## What to do
Please transcribe the data that follows exactly as given, leaving out every picture.

## Extracted information

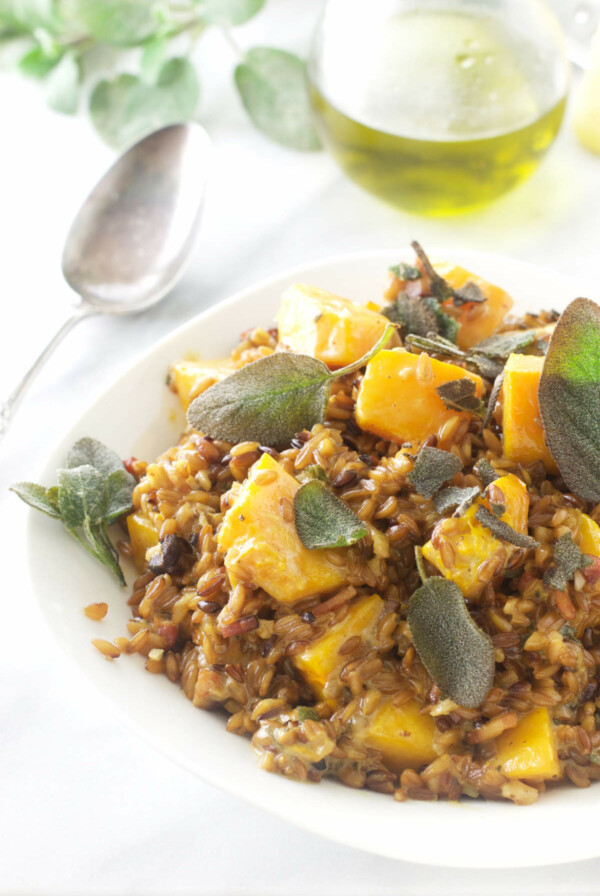 A dish of farro risotto next to a bottle of olive oil.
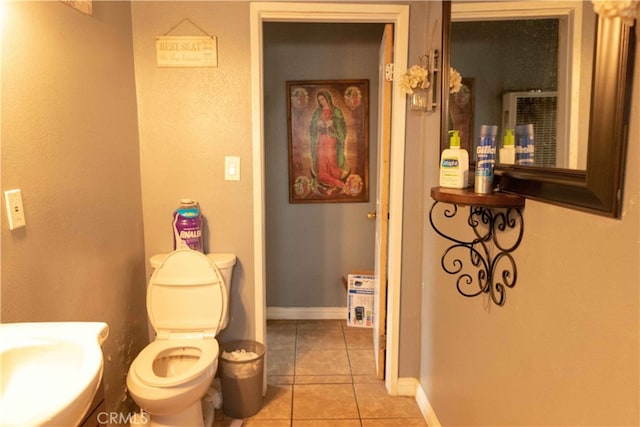 bathroom with sink, tile patterned flooring, and toilet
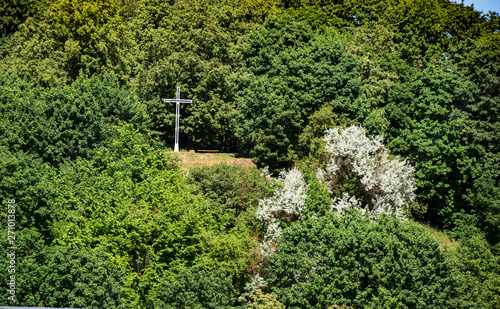 White cross on nature background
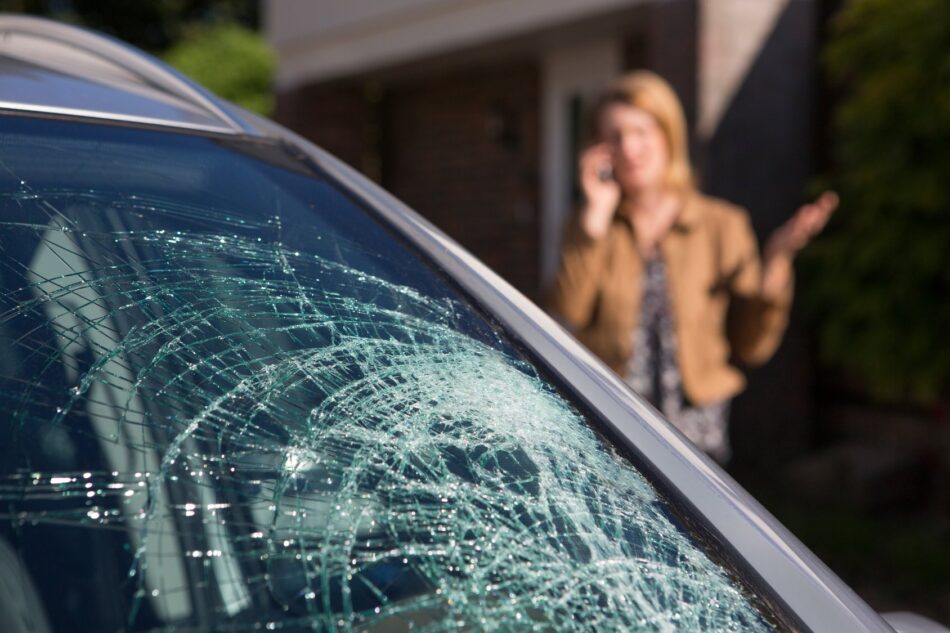 Smashed windshield with woman on phone in background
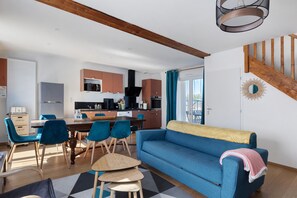 A modern living space with a dining area, kitchen, and a blue sofa.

## Task response
 A dish of farro risotto next to a bottle of olive oil.
 bathroom with sink, tile patterned flooring, and toilet
 White cross on nature background
 Smashed windshield with woman on phone in background
 A modern living space with a dining area, kitchen, and a blue sofa.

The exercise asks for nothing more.